Thirty young men and women project social issues on the screen at IDSP Film Festival, 2015.


Our Correspondent June 13, 2015
DESIGN: MUNIRA ABBAS

KARACHI: Strong concepts blended with some brilliant acting were offered to the audience as 30 students exhibited their short films and documentaries at Pak-American Cultural Center on the second day of the Institute for Development Studies and Practices (IDSP) Film Festival, 2015.

Students from Balochistan and Sindh were trained about filmmaking at IDSP, after which they had to go back to their native towns and shoot films. From heart wrenching tales of the Hazaras to target killing incidents in Karachi, the students exhibited some of the very dominant social issues pertaining to human rights, violence, peace, justice and the lives of people living in marginalised settings of Pakistan.

For instance, Ali Ahmed from Mastung played his short film, titled 'Dhutuk', on how a blind cleric is duped into becoming a suicide bomber. The film showed the air of distrust and volatility that prevails in the region. A man, pretending to help him, takes the cleric to his house and tricks him into wearing a suicide vest. The blind man goes out to buy a doll for his little daughter but ends up blowing himself up.

Another film, titled 'Gurya', focused on how forced marriages, domestic violence and rape are so interwoven in our society's makeup. It portrays a young girl, Saima, who is being forced into a marriage while she is in love with another man, Zubair. With messages such as 'When a girl is young and lost in thoughts, she should be married off' carrying the storyline forward, the film ends on a tragic note when Zubair and his friend rape Saima and she returns home only to be rejected by her family. Once again the theme of the story revolves around betrayal, distrust and miscalculated friendships among other things.

According to filmmaker and teacher Maqbool Ahmed Durrani, students found a platform in the film festival to focus on different things happening around them. "From how the waderas [landlords] of Sindh use women [as a commodity] to target killings [happening] in Khuzdar and Mastung, we got to know so much that we didn't know before," he said. On the other hand, Fareeda from Sibi, who is learning photography at IDSP, said that although techniques of photography and filmmaking are different, the ideas shared in the festival are worthy of attention.

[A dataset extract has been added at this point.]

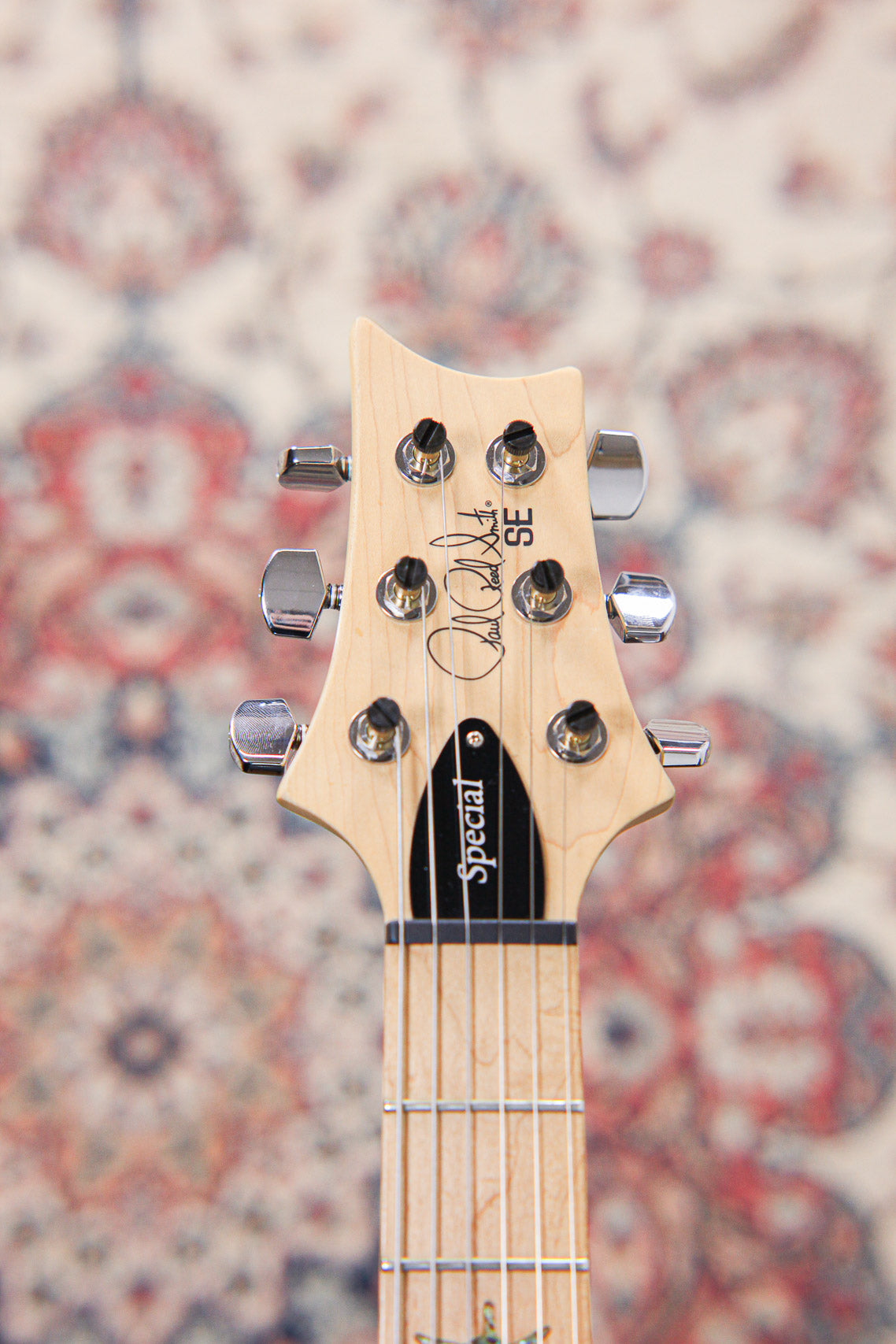 PRS SE Swamp Ash Special MN | Charcoal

From Sindh, a short film that earned great applause was 'Football', based on an urban centre in Karachi. Depicting the life of a daily wage earner, Shakeel, whose young son is an avid football fan, it is a gut-wrenching story of how sudden law and order chaos takes Shakeel's life, leaving his young boy and his football passion behind.

On the third day of the festival, awards will be given to the best short films and documentaries.

Published in The Express Tribune, June 14th, 2015.